House Freedom Caucus Gets Ball Rolling to End ‘Diversity’ Visa Lottery

The Diversity Visa Lottery may be one step closer to ending Monday with a vote of the membership of the House Freedom Caucus.

The lottery is an offshoot of a 1980s Ted Kennedy brainchild that brings 50,000 migrants a year into the United States for no reason other than there not being large numbers of people from their country here.

Ongoing efforts to end the visa lottery gained a new urgency when it became clear Uzbekistan-born New York City truck terror suspect Sayfullo Saipov used the program to enter, get his green card, and then use the “chain migration” policies of the 1965 Immigration Act to serve as the “primary point of contact” for 23 additional people.

The SAFE Act, introduced in February by Freedom Caucus member Rep. Bill Posey (R-FL), would cleanly eliminate the lottery. Monday night, his three dozen fellow caucus members voted to back the bill. The Freedom Caucus issued a statement following the vote that read:

In the wake of the recent terrorist attack in New York City, we call on House leadership to follow President Trump’s call to end the diversity visa lottery program.

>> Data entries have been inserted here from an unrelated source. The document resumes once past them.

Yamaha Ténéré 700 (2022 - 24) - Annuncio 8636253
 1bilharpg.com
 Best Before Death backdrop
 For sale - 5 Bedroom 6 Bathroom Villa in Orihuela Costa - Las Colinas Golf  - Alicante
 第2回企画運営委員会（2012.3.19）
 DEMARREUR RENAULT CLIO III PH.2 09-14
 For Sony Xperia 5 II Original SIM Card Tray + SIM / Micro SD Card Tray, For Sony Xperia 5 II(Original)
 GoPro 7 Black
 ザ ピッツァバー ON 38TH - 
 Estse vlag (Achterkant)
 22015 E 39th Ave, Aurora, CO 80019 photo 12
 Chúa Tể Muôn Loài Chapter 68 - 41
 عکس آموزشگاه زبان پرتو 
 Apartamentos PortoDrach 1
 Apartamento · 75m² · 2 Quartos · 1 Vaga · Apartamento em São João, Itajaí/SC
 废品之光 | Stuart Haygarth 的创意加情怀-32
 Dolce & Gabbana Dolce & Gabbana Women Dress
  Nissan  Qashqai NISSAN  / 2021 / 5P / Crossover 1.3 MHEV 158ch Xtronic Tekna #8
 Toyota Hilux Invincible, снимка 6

We should have an up-or-down stand-alone vote on [the SAFE Act] and send it to the Senate. As President Trump said, It’s time to get tougher and smarter on immigration.

The bill will still have to pass through the House Judiciary Committee to get an up-or-down vote on the House floor.

The visa lottery was originally implemented in the Immigration and Nationality Act of 1990 to randomize a 1987 ploy by Sen. Ted Kennedy (D-MA) to allow primarily Irish and Northern Irish immigrants an easier time getting green cards after the 1965 Act banned simply allowing more or fewer immigrants based on national origin.

It has since become a magnet for 14 million green card seekers a year, with no other qualifications to come to the United States to try their luck.  It has also been a frequent target of fraud and abuse. Those who become citizens – or, like Saipov, permenent residents of the United States –can then use chain migration to bring in those they claim are extended family, which is notoriously difficult to verify.

A Center for Immigration Studies report released Friday indicates that, since 1994, five million foreigners have gotten green cards through chain migration from Diversity Visa Lottery winners.